COVID-19: Expert warns Ireland's second wave has begun

As cases of the virus rise rapidly, an infectious disease expert has suggested that Ireland has now waded into a second wave of the novel coronavirus.

At an Oireachtas Special Committee on the Strategic Response to COVID-19, infectious disease specialist, Professor Sam McConkey,said it was "clear to everybody that we're in the middle of a second wave".

Dublin had initially been the only cause for concern, though recent trends in Limerick, Louth and Waterford suggest the virus is gaining a foothold across the country again.

The national COVID incidence rate for the last two weeks is now lingering around 53 cases per 100k people.

While that number is staggeringly high for parts of Dublin, namely in the Blanchardstown-Mulhuddart and Tallaght areas, both on around 190 and 175 cases per 100k respectively.


Speaking as part of the delegation of representatives from around the world, Prof. McConkey outlined to the COVID committee that there were three key steps that the country needed to take to get a handle on the situation.

Firstly, he outlined the necessity to bring down the number of cases, citing that the best weapon in our arsenal against COVID-19 was physical distancing.

Prof. McConkey stressed that "crushing the curve completely into the ground" must be a priority and if we failed in this respect we would "end up with increasing number of ICU and death and disability."

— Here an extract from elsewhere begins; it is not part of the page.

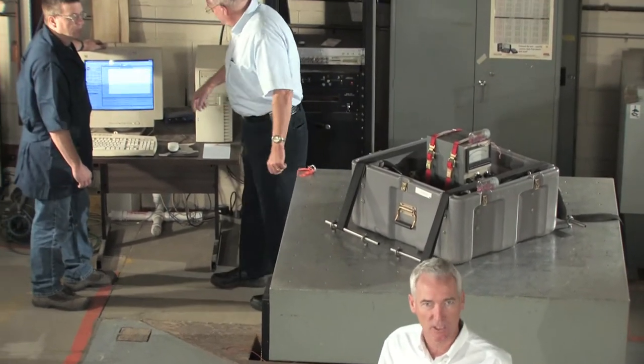We're in the Pelican Test Lab located in Deerfield, Massachusetts. Today we're going to look at how we use a vibration table to design cases to hold up to extreme stress.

His second recommendation was to keep cases down by improving contact tracing and outbreak investigations, citing that we had been on top of these aspects in the early stages of the pandemic.

He highlighted that Ireland was neatly poised to take several measures to prevent a resurgence of the virus, with multiple resources in the biotech industries here that could facilitate stronger control of the virus.

His final piece of advice on controlling the virus was to prevent its reintroduction into the country by controlling the influx of incoming travelers.

He compared the notion of 'living with the COVID-19' to "living with a large a tiger in your house, it will come back and bite you, none of you would do it".

Prof. McConkey stressed that living with the virus wouldn't be a viable option due to the threat that it would pose to the older and more vulnerable in the population.